What has brought this about? Even the most solid structures, it seems, are subject to the will of man. This, demonstrated most forcibly by the destruction wreaked in Iraq by years of war, continues today as the consequence of “development”, the commercial imperative which sweeps all before it, plunging even Duhok, the birthplace Siti describes as having been “frozen”, into a construction boom. In the “Dialogue of Towers” series of paintings, the meshes of swiftly drawn marks inevitably suggest the scaffolding which surrounds those new buildings, thrown up with so little regard for the culture or history of their locations.
In his paintings, structures and installations Siti shows these forces at work, Siti remembers the ladders, however, and has recreated them in an installation. In the gallery, the home-made ladders, objects from a simpler time, become metaphors for those who, shifting from a familiar past to an unknown future, must struggle upwards alone.
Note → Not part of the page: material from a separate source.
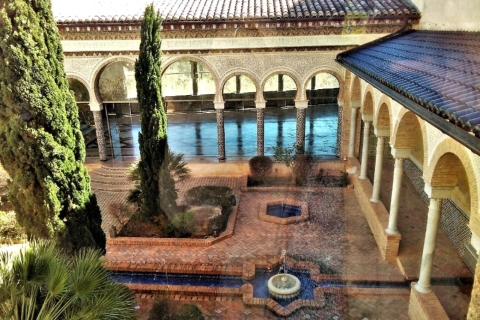 Valencia: Annas Alhambra und die 3 Wasserfälle Tour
Used to change, Siti moves with it, demonstrating its effects with delicacy, wit and an underlying sadness, as his own sense of a lost history merges with the concern that his country’s rush to “reconstruct” may be undermining what had seemed to be unshakeable foundations of human values.
Siti has seen much, and, in his work, clever and elegant, skilful and wise, he shares his insights in a unique and constantly developing visual language of great subtlety and depth. He has much to say, but, as he puts it himself, he does not shout. We would do well to look carefully and, while looking, to listen.